Activity: An exact copy of the data is needed, one that excludes all pictures.

Recorded data:
<<<<
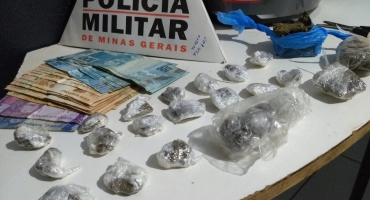 GEPMOR de Patos de Minas localiza droga em casa no Bairro Jardim Esperança e suspeito é preso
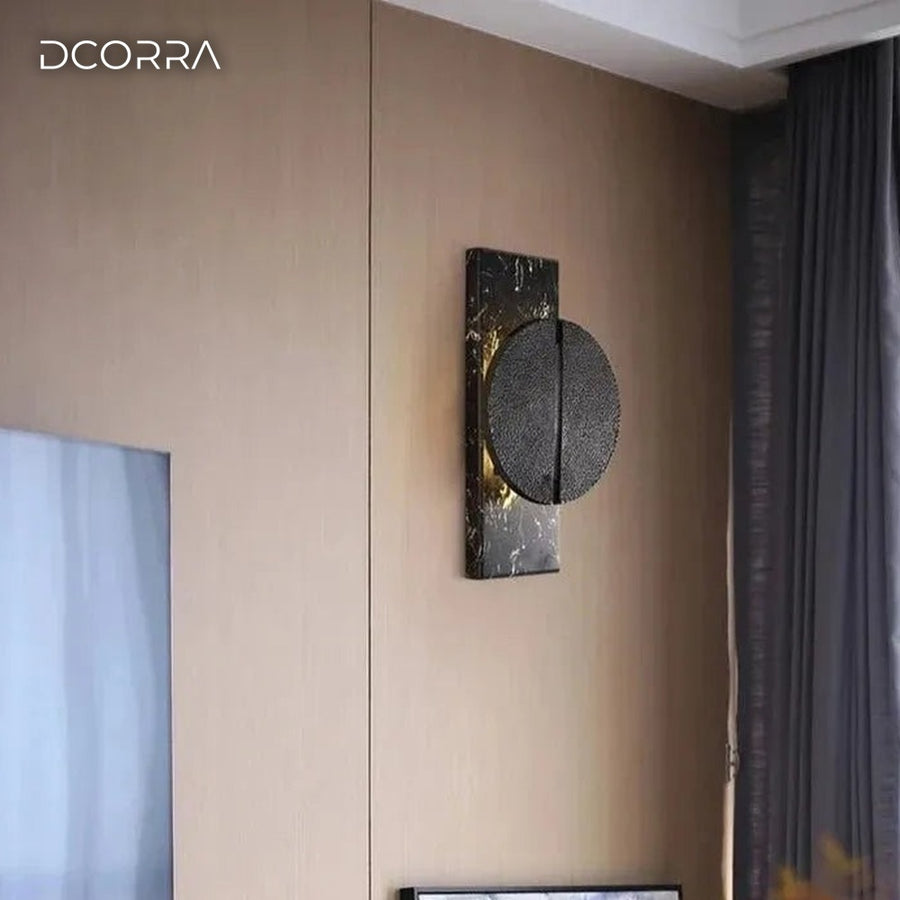 Marble and Hammered Disc Wall Sconce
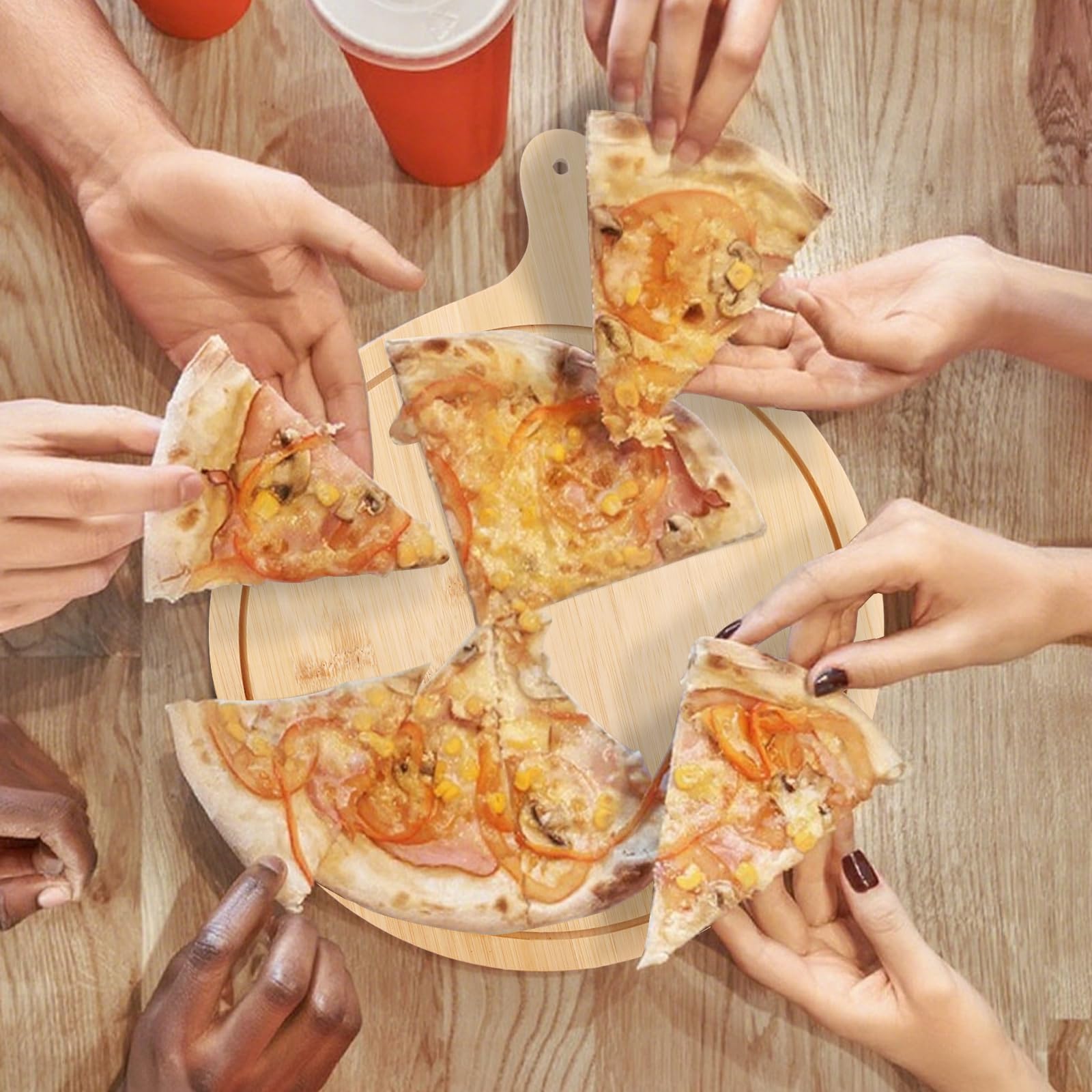 Lot de 3 Planche a Pizza en Bambou 33 cm, Plateau Pizza Rond avec Poignée Intégrée, Assiette Pizza en Bois Naturel pour Découpe, Service et Fromage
>>>>
Your response:
 GEPMOR de Patos de Minas localiza droga em casa no Bairro Jardim Esperança e suspeito é preso
 Marble and Hammered Disc Wall Sconce
 Lot de 3 Planche a Pizza en Bambou 33 cm, Plateau Pizza Rond avec Poignée Intégrée, Assiette Pizza en Bois Naturel pour Découpe, Service et Fromage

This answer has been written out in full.